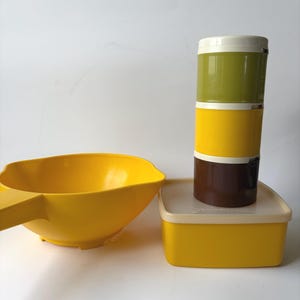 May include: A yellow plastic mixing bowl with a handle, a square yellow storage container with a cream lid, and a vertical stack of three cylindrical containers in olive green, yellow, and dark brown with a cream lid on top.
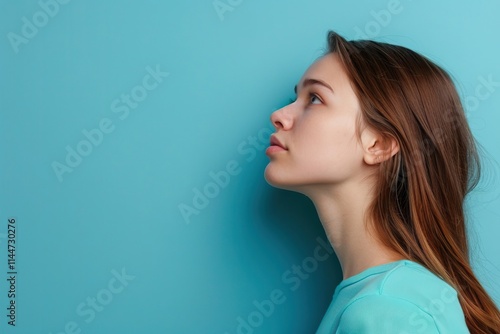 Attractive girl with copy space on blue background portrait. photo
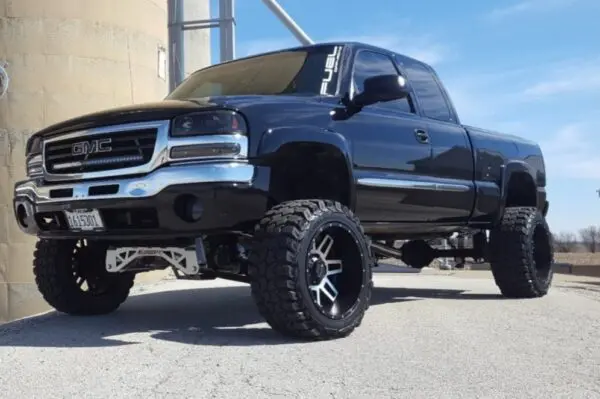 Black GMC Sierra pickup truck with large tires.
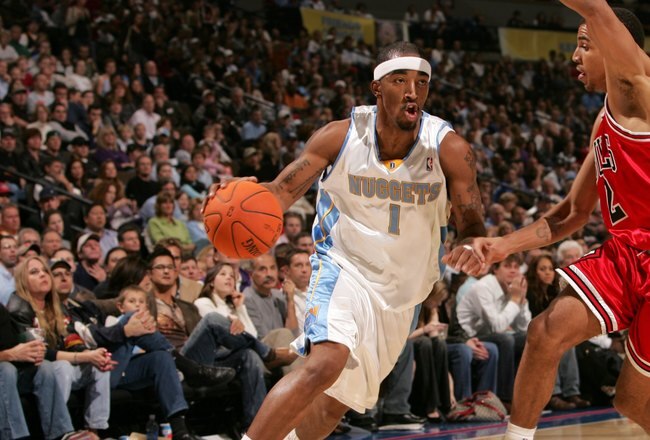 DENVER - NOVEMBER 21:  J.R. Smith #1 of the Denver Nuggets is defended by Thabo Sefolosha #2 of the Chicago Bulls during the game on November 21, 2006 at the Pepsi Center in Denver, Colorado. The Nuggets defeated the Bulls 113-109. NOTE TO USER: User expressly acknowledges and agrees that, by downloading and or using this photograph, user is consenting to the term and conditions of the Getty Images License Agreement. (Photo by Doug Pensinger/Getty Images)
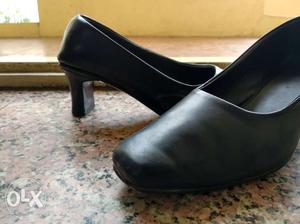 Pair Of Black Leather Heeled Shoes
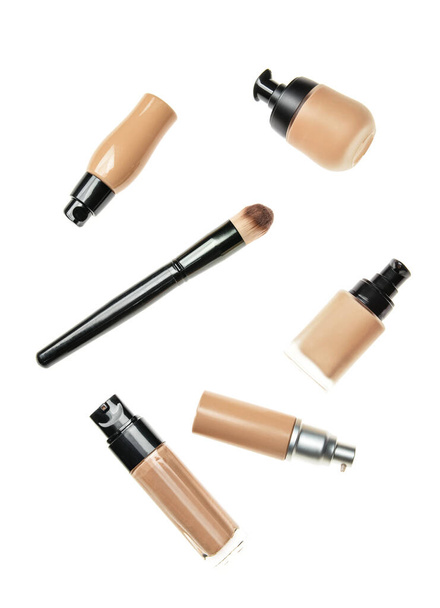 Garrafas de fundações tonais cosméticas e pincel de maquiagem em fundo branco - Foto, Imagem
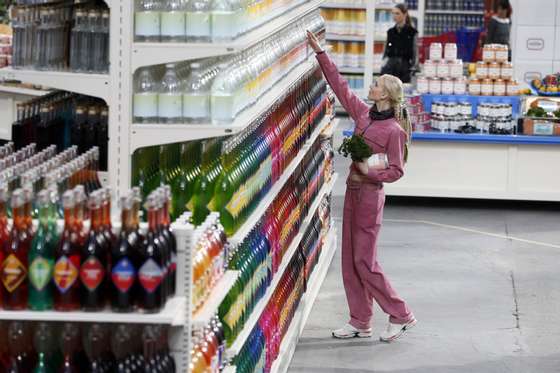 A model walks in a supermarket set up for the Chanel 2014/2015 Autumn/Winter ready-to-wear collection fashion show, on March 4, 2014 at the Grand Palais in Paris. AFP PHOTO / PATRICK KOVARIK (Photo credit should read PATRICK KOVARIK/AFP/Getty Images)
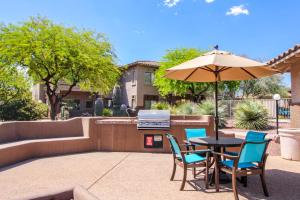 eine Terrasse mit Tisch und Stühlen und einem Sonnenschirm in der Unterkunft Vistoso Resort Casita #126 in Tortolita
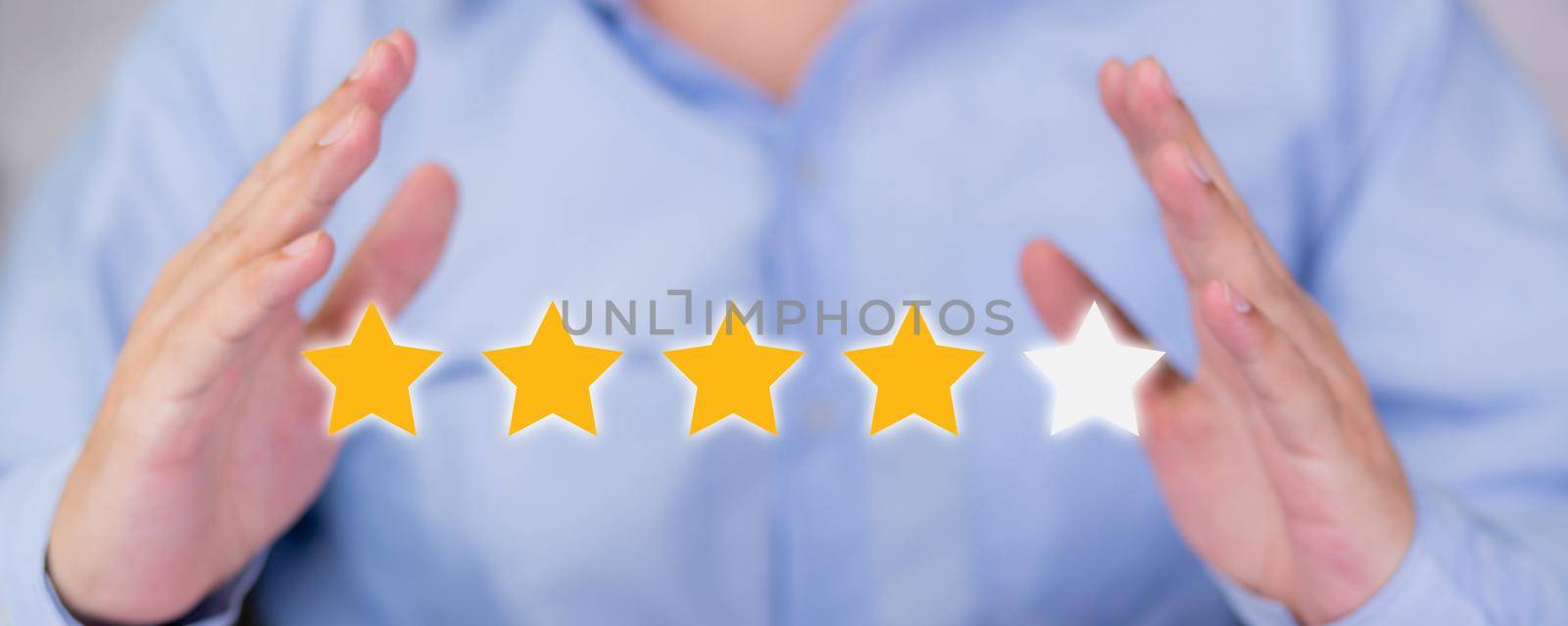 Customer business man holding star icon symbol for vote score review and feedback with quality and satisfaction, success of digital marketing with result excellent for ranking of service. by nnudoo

- ABOUT THIS TASK
Repeat, exactly and in full, all records above, but include no pictures.

- OUTPUT OF THE EXERCISE
 May include: A yellow plastic mixing bowl with a handle, a square yellow storage container with a cream lid, and a vertical stack of three cylindrical containers in olive green, yellow, and dark brown with a cream lid on top.
 Attractive girl with copy space on blue background portrait. photo
 Black GMC Sierra pickup truck with large tires.
 DENVER - NOVEMBER 21:  J.R. Smith #1 of the Denver Nuggets is defended by Thabo Sefolosha #2 of the Chicago Bulls during the game on November 21, 2006 at the Pepsi Center in Denver, Colorado. The Nuggets defeated the Bulls 113-109. NOTE TO USER: User expressly acknowledges and agrees that, by downloading and or using this photograph, user is consenting to the term and conditions of the Getty Images License Agreement. (Photo by Doug Pensinger/Getty Images)
 Pair Of Black Leather Heeled Shoes
 Garrafas de fundações tonais cosméticas e pincel de maquiagem em fundo branco - Foto, Imagem
 A model walks in a supermarket set up for the Chanel 2014/2015 Autumn/Winter ready-to-wear collection fashion show, on March 4, 2014 at the Grand Palais in Paris. AFP PHOTO / PATRICK KOVARIK (Photo credit should read PATRICK KOVARIK/AFP/Getty Images)
 eine Terrasse mit Tisch und Stühlen und einem Sonnenschirm in der Unterkunft Vistoso Resort Casita #126 in Tortolita
 Customer business man holding star icon symbol for vote score review and feedback with quality and satisfaction, success of digital marketing with result excellent for ranking of service. by nnudoo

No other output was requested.